Spending on the Skolkovo project, which is run by the foundation and involves creating an innovation hub on the outskirts of Moscow, will amount to 502 billion rubles in 2013 through 2020, with 73 percent of the sum to be contributed by private investors, Economic Development Minister Alexei Ulyukayev said at a Cabinet meeting chaired by Prime Minister Dmitry Medvedev.
The remaining 27 percent of the funds, or 135.6 billion rubles, will be set aside in the federal budget, he said. Of that amount, the government intends to spend 57 billion rubles on creating favorable conditions for developing innovations.
A total of 42 billion rubles will be channeled to develop the Skoltech Institute to educate specialists in high-tech industries, while 37 billion rubles will be spent on building the hub's infrastructure.
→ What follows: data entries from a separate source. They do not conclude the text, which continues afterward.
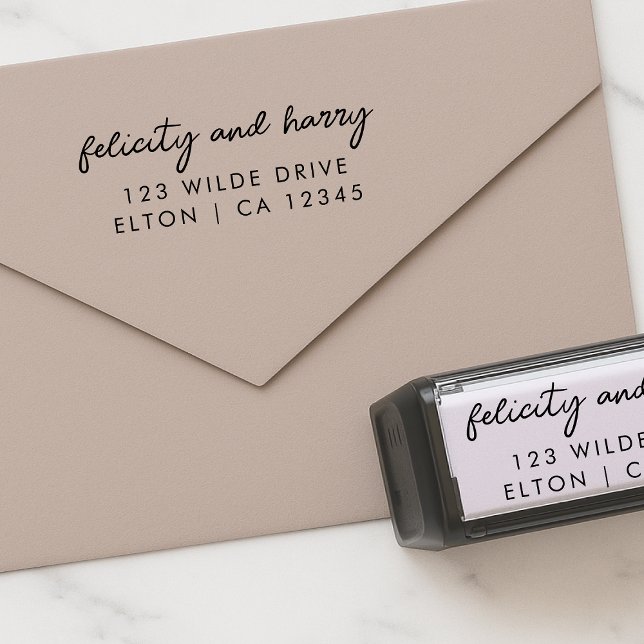  Couple Return Address Stamp | Modern Wedding Mail (Creator Uploaded)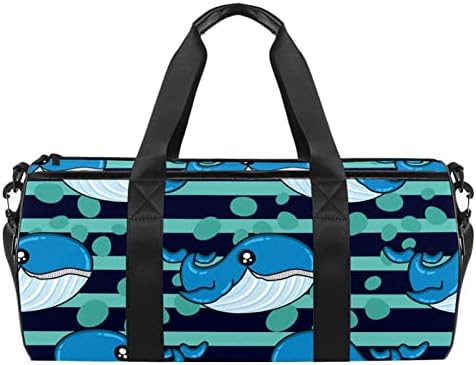 MaMacool Marine Dolphins Green Dark Stripes torba za nošenje preko ramena platnena putna torba za teretanu Sport Dance Travel Weekender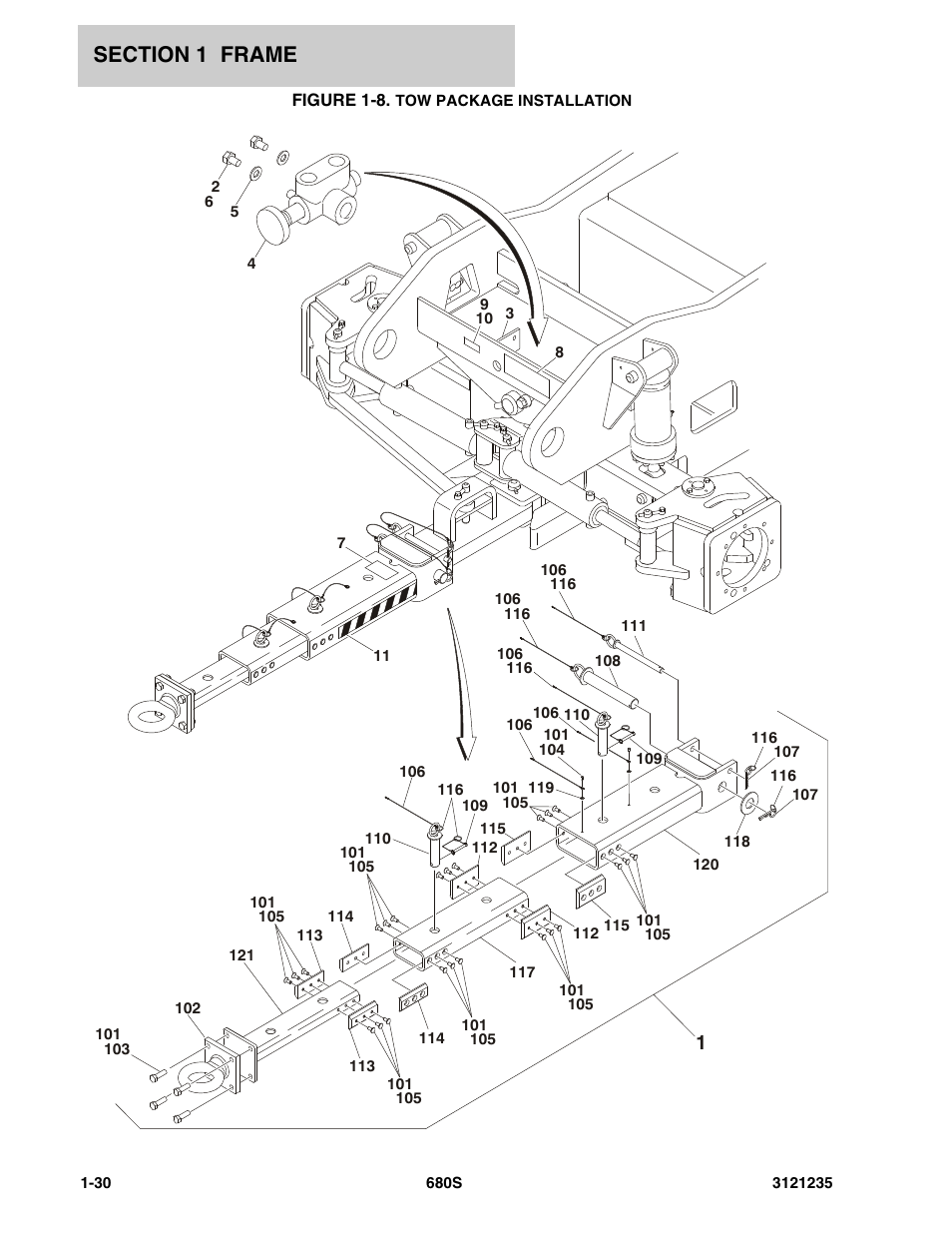 Figure 1-8. tow package installation | JLG 680S Parts Manual User Manual | Page 36 / 272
The figures are outlined in the state program to develop the Skolkovo center, unveiled by Ulyukayev. Implementing the program is part of a broader move by the government to create an innovative economy.
The government counts on Skolkovo as one of the major drivers of economic modernization amid the efforts to diversify the country's economy away from the oil and gas industry. Skolkovo Foundation President Viktor Vekselberg claimed Thursday that the return on investment in the innovation hub was likely to exceed state spending significantly.
The effects of Skolkovo investments will be visible by 2030 when the project becomes fully operational, Vekselberg told Interfax. The overall contribution of the innovation hub to the country's GDP might reach up to 1.5 trillion rubles by that time, he added.
Construction of the Skolkovo innovation hub, a brainchild of then-president Medvedev, began in 2010, with a number of international high-tech companies like Siemens, Nokia and Samsung signing agreements to establish their research and development centers there.
Among the biggest participants in the project is U.S. technology giant Cisco Systems, which pledged to invest $1 billion in developing innovations in Russia over the next 10 years.
The Skolkovo project got mired in a corruption scandal earlier this year when investigators opened a few cases against its former and current executives. The move was followed by the resignation of Deputy Prime Minister Vladislav Surkov, who oversaw the project, jeopardizing the Skolkovo project's future development.
However, there are no threats to the project at the moment, Vedomosti reported Thursday, citing an unidentified Kremlin official. The presidential administration is committed to further developing the hub, he said.